Bleak thoughts courted my waking hours. My writing fell silent. It felt as if I couldn’t do it anymore. I wanted to quit. All I saw were walls, defeat, not gateways or opportunities. Grief beset me. Bitter thoughts hammered away at me. No. No. No. Go away. I beat them back, only for them to return like miserable company.

I asked God for a thought to help me handle this disappointment in a godly way, in His way, for Him to help me let go of the disappointment and heartache. Nothing came. Nothing. Nothing. Nothing. Four days and still nothing but sick at heart. How this was affecting me was shocking to me. I thought I was stronger than that.

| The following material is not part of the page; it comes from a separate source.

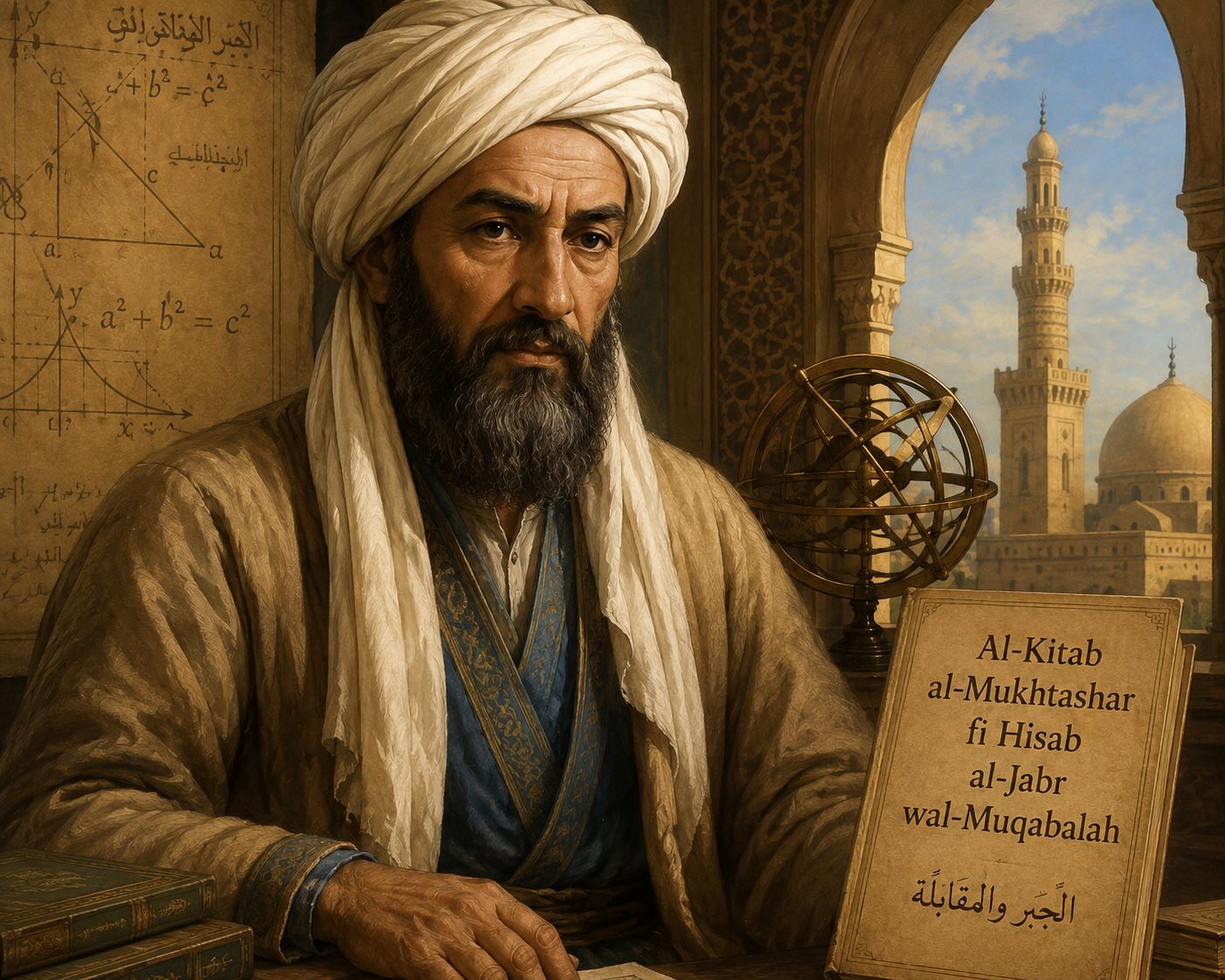 Jejak Al-Khawarizmi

I prayed through my tears. I encouraged the other person’s faith, trying to put a good face on it, while bathed in a flood of my own sad thoughts. I decided to bear up alone for I knew I must accept this misfortune without involving any of my friends or relatives.

This too will pass. I knew I could not bear to languish in regret’s melancholy embrace very long without it robbing me of my soul’s joy in the Lord. One has to practice what one preaches, right?

Peace Enters

This morning, when pain revisited my waking thoughts, the phrase  ‘Peace at the Center’ also entered. Peace at the Center is an old Quaker saying, one I have appreciated and repeated during many a woe. Peace at the Center is a phrase to cling to when you are in distress and also when you are not in distress. Just the saying of it can soften the edges of a stressed condition with a gentle sense of peace.

You can secure peace at the center when you choose to seek it and rest in it. Peace at the Center can chase away bad thoughts, similar to how “In Christ” you can find the strength to go through the time of difficulty.

God helps us absorb peace in the core of our being. You encourage beauty in that sentiment, in its words, in the strength of God being with you–come whatever may come. My thoughts still go to the source of my pain where an element of distress remains, but God’s peace through Peace at the Center brings immediate relief. In the saying of it, “peace at the center,” a sigh then uplifts, relaxes, and bears me up.

For All of Us

Misfortunes happen. Life hurts us and causes pain to our loved ones. Circumstances befuddle and confuse. Dreams die a painful death. We lose what is dear to us, think we get the short end of the stick, realize we are not quite so secure as we thought.

You try to make sense of what happened by looking at what is true. Then you allow the truth to set you free. Grace gives its abundance as you work it through until relief comes in and sorrow wanes.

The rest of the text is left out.